Work instructions:
Go through the data from its first line and retype each line, stopping once the line containing "Library of Celsus" has been retyped.

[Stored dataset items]
::::::::::

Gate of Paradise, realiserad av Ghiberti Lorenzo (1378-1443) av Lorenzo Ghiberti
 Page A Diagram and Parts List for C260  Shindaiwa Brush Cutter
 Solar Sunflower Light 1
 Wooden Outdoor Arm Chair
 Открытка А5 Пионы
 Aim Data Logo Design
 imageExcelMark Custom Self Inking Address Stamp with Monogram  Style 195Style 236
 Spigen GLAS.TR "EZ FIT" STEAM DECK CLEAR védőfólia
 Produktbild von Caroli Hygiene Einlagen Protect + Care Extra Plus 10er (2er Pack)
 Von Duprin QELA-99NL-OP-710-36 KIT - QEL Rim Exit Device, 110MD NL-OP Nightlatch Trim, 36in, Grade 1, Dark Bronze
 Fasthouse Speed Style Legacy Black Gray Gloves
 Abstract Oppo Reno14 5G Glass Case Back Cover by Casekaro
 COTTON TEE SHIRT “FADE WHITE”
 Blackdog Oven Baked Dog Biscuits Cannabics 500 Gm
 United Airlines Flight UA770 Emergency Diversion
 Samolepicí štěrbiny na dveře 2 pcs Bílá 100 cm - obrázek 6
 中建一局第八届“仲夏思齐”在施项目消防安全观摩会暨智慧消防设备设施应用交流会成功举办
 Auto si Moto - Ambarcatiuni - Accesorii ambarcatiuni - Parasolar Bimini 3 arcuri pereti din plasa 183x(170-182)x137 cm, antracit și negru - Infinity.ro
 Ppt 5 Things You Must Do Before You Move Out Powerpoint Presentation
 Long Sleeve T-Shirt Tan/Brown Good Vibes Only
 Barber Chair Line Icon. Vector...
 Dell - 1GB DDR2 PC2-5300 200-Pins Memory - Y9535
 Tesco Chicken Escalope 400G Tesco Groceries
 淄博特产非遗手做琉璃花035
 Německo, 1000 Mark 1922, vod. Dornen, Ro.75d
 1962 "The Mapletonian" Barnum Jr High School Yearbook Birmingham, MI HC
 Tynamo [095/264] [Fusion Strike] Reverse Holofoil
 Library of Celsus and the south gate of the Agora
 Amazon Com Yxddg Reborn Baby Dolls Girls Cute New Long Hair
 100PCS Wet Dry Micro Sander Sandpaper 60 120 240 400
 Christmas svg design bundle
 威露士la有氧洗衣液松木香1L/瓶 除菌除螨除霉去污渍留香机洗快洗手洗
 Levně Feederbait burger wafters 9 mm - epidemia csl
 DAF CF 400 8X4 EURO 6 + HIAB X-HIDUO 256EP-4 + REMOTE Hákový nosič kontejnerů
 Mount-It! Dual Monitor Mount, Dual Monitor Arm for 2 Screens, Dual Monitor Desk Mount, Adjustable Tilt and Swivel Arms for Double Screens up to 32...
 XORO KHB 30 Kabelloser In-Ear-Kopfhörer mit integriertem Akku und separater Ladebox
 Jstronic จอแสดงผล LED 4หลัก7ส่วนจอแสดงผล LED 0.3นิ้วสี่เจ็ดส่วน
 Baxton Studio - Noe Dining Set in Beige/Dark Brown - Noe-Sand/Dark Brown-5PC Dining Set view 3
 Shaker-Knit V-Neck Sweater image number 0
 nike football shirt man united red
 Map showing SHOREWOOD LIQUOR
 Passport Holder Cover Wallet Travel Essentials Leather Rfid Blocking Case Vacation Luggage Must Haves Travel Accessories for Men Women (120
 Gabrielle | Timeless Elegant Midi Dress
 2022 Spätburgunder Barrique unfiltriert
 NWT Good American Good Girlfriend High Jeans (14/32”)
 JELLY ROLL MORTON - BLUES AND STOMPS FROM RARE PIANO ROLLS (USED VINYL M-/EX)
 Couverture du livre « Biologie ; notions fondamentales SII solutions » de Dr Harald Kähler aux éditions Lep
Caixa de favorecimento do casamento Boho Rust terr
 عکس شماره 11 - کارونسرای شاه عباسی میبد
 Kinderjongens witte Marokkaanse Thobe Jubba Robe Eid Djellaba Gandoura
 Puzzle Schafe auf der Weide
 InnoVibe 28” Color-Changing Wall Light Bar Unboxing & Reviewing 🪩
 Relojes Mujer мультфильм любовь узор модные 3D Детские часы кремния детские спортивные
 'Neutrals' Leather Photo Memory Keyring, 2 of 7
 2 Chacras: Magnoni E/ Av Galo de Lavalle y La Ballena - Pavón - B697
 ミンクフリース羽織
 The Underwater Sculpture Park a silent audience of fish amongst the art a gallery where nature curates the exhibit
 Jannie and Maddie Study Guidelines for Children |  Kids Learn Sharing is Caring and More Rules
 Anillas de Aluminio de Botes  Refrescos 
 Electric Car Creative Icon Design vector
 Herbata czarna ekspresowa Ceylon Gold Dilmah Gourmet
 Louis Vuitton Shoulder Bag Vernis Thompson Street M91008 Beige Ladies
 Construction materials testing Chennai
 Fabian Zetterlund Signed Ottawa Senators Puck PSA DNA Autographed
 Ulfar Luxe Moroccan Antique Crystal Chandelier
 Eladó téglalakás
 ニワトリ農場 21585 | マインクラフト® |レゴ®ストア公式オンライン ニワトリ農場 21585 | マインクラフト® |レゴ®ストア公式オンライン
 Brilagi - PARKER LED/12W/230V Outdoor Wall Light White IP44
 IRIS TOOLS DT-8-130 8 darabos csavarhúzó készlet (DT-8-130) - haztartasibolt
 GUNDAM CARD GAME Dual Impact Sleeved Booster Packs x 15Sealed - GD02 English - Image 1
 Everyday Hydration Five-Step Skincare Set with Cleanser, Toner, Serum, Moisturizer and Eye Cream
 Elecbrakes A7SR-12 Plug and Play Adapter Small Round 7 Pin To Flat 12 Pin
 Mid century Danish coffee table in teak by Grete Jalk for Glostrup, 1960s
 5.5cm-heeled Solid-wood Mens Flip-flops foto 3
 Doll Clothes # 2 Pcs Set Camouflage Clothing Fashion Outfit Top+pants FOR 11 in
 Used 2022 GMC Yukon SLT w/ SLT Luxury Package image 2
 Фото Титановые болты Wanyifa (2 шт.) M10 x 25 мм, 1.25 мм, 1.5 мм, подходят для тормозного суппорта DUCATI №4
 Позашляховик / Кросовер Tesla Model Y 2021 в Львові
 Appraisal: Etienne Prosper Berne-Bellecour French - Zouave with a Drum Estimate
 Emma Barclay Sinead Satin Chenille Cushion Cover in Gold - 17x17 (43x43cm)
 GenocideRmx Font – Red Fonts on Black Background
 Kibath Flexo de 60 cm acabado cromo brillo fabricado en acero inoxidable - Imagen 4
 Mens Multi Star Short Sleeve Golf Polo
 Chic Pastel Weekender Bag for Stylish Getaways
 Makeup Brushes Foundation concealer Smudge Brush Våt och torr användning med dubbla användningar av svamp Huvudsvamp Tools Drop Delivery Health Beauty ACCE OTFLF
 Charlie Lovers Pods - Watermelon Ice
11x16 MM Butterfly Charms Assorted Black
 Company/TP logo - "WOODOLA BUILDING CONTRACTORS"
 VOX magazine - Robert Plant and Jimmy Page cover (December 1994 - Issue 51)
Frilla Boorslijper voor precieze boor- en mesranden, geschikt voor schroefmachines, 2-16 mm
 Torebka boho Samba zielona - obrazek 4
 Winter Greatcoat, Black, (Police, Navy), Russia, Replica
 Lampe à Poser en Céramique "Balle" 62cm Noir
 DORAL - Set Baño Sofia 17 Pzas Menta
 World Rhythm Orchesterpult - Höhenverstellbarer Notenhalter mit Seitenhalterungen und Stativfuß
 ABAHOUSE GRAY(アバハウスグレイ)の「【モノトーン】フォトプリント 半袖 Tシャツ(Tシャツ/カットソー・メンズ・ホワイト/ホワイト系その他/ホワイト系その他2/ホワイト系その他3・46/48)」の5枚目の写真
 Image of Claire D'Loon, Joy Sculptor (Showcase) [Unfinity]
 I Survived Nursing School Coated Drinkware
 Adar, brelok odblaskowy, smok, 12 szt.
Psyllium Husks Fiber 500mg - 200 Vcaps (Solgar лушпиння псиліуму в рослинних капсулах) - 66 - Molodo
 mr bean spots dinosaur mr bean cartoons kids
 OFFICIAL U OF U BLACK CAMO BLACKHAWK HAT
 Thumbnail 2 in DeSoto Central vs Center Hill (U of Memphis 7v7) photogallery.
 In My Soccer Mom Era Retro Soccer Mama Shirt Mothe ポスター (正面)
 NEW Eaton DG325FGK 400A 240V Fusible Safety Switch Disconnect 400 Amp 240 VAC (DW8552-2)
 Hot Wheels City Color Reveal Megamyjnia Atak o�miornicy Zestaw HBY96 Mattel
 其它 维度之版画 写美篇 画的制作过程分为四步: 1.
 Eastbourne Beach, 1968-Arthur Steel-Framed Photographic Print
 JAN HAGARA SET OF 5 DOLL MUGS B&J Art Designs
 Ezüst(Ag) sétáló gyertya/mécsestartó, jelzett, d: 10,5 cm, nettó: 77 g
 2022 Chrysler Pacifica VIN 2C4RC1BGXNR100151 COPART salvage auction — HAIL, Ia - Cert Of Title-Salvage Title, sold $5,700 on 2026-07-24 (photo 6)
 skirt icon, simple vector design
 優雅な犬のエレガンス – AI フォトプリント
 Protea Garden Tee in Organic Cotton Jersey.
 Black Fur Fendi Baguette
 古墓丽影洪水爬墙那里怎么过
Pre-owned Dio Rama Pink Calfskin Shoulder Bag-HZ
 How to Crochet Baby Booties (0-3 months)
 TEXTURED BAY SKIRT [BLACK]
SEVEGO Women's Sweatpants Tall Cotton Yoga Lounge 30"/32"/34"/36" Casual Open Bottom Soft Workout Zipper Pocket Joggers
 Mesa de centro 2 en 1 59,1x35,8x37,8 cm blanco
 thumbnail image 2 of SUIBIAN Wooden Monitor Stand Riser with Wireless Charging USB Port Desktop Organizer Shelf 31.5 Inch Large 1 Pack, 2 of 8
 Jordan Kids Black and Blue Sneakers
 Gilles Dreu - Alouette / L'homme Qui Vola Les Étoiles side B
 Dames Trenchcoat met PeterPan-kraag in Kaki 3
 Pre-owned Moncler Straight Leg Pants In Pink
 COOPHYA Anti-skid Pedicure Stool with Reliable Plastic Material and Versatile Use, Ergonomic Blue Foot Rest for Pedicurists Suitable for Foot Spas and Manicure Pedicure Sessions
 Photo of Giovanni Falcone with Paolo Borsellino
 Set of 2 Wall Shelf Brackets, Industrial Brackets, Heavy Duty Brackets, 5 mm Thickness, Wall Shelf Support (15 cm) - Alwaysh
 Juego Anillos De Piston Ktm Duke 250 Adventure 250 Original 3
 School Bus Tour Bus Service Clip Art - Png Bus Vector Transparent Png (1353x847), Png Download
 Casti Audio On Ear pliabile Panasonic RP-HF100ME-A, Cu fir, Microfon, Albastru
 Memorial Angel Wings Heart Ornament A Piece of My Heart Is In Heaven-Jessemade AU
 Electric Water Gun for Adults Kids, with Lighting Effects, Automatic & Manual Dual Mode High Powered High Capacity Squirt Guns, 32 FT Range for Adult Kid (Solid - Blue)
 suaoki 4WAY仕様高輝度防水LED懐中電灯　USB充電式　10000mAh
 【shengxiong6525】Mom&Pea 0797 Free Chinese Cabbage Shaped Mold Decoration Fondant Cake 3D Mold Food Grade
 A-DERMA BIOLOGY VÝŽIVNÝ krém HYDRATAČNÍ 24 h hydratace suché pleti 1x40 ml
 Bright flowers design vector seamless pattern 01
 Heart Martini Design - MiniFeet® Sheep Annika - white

::::::::::

Completed task:
Gate of Paradise, realiserad av Ghiberti Lorenzo (1378-1443) av Lorenzo Ghiberti
 Page A Diagram and Parts List for C260  Shindaiwa Brush Cutter
 Solar Sunflower Light 1
 Wooden Outdoor Arm Chair
 Открытка А5 Пионы
 Aim Data Logo Design
 imageExcelMark Custom Self Inking Address Stamp with Monogram  Style 195Style 236
 Spigen GLAS.TR "EZ FIT" STEAM DECK CLEAR védőfólia
 Produktbild von Caroli Hygiene Einlagen Protect + Care Extra Plus 10er (2er Pack)
 Von Duprin QELA-99NL-OP-710-36 KIT - QEL Rim Exit Device, 110MD NL-OP Nightlatch Trim, 36in, Grade 1, Dark Bronze
 Fasthouse Speed Style Legacy Black Gray Gloves
 Abstract Oppo Reno14 5G Glass Case Back Cover by Casekaro
 COTTON TEE SHIRT “FADE WHITE”
 Blackdog Oven Baked Dog Biscuits Cannabics 500 Gm
 United Airlines Flight UA770 Emergency Diversion
 Samolepicí štěrbiny na dveře 2 pcs Bílá 100 cm - obrázek 6
 中建一局第八届“仲夏思齐”在施项目消防安全观摩会暨智慧消防设备设施应用交流会成功举办
 Auto si Moto - Ambarcatiuni - Accesorii ambarcatiuni - Parasolar Bimini 3 arcuri pereti din plasa 183x(170-182)x137 cm, antracit și negru - Infinity.ro
 Ppt 5 Things You Must Do Before You Move Out Powerpoint Presentation
 Long Sleeve T-Shirt Tan/Brown Good Vibes Only
 Barber Chair Line Icon. Vector...
 Dell - 1GB DDR2 PC2-5300 200-Pins Memory - Y9535
 Tesco Chicken Escalope 400G Tesco Groceries
 淄博特产非遗手做琉璃花035
 Německo, 1000 Mark 1922, vod. Dornen, Ro.75d
 1962 "The Mapletonian" Barnum Jr High School Yearbook Birmingham, MI HC
 Tynamo [095/264] [Fusion Strike] Reverse Holofoil
 Library of Celsus and the south gate of the Agora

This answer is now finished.